As provas da má conduta israelita e da sua violação flagrante de todas as leis humanitárias e de direitos humanos conhecidas são esmagadoras.
As Nações Unidas, organizações humanitárias e observadores independentes — incluindo vozes israelitas e judaicas — documentaram estes crimes em pormenor.
O Tribunal Internacional de Justiça determinou que existe um risco plausível de genocídio em Gaza e que a ocupação prolongada da Palestina por Israel não só é ilegal, como constitui um crime de segregação ou apartheid.
A opinião pública europeia e a maioria dos jovens, incluindo em países como a Alemanha e a Itália, são claramente a favor de que os seus governos ajam para pôr fim a este horror.
Congratulamo-nos com a recente condenação das acções de Israel em Gaza e na Cisjordânia por parte de 28 ministros dos Negócios Estrangeiros, incluindo 20 Estados-Membros da UE, mas as palavras não são suficientes.
Apelamos urgentemente a todos os líderes e governos da UE, especialmente aqueles que impediram o Conselho dos Negócios Estrangeiros, em 15 de Julho, de agir contra as graves violações humanitárias e dos direitos humanos por parte de Israel, para que tomem todas as medidas necessárias e viáveis ao abrigo do direito internacional, europeu e nacional para pôr fim a estas atrocidades.
As medidas devem incluir o seguinte:
1. Retomar imediatamente a entrega de ajuda internacional em grande escala e inundar a Faixa de Gaza com suprimentos humanitários, respeitando plenamente os princípios fundamentais do direito internacional humanitário.

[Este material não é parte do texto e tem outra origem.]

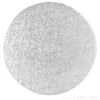 Cake drum redondo plateado 32,5 cm, grosor 12 mm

2. Suspender com efeito imediato todas as exportações de armas e de produtos de dupla utilização para Israel.
3. Proibir o comércio com os colonatos ilegais de Israel nos territórios palestinos ocupados e proibir as relações comerciais e de investimento da UE e dos Estados-Membros com qualquer entidade ou empresa que faça negócios ou beneficie dos colonatos ilegais de Israel.
4. Suspender todos os acordos comerciais preferenciais para Israel ao abrigo do Acordo de Associação.
5. Cancelar a participação de Israel no programa Horizonte Europa e em todos os programas de investigação, académicos e tecnológicos de dupla utilização da UE.
6. Impor sanções específicas a ministros, funcionários governamentais, comandantes militares e colonos violentos israelitas responsáveis por crimes de guerra, crimes contra a humanidade, facilitação de genocídio e prática de terrorismo sancionado pelo Estado.
7. Apoiar mecanismos judiciais internacionais e nacionais — incluindo o Tribunal Penal Internacional e tribunais nacionais sob jurisdição universal — para levar os perpetradores à justiça.
8. Prestar apoio político, jurídico e financeiro às vítimas civis palestinas, aos defensores dos direitos humanos e às organizações humanitárias que operam em condições impossíveis.
9. Reconhecer o Estado da Palestina por ocasião da conferência da ONU em Nova Iorque, de 28 a 29 de Julho, para criar os pré-requisitos necessários para uma solução de dois Estados.
Em 17 de Julho, Dia da Justiça Penal Internacional, o Serviço Europeu de Acção Externa lembrou que, no que diz respeito a crimes contra a humanidade, crimes de guerra, genocídios... «a história tem demasiados momentos em que o silêncio se seguiu ao horror...».
O mundo recordará como a UE e os seus Estados-Membros responderam a esta tragédia catastrófica.
O silêncio e a neutralidade perante o genocídio constituem cumplicidade. A inacção encoraja os perpetradores e trai todos os princípios que a União e os seus Estados-Membros afirmam defender.
Ao mesmo tempo que continua a apelar incessantemente pelo regresso dos reféns, um cessar-fogo permanente e o fim da guerra, a União Europeia, há muito defensora dos direitos humanos e do Estado de direito, deve agir agora em nome do direito internacional, da humanidade e da justiça para o povo palestino — ou arrisca-se a perder a sua credibilidade, influência e prestígio moral no mundo.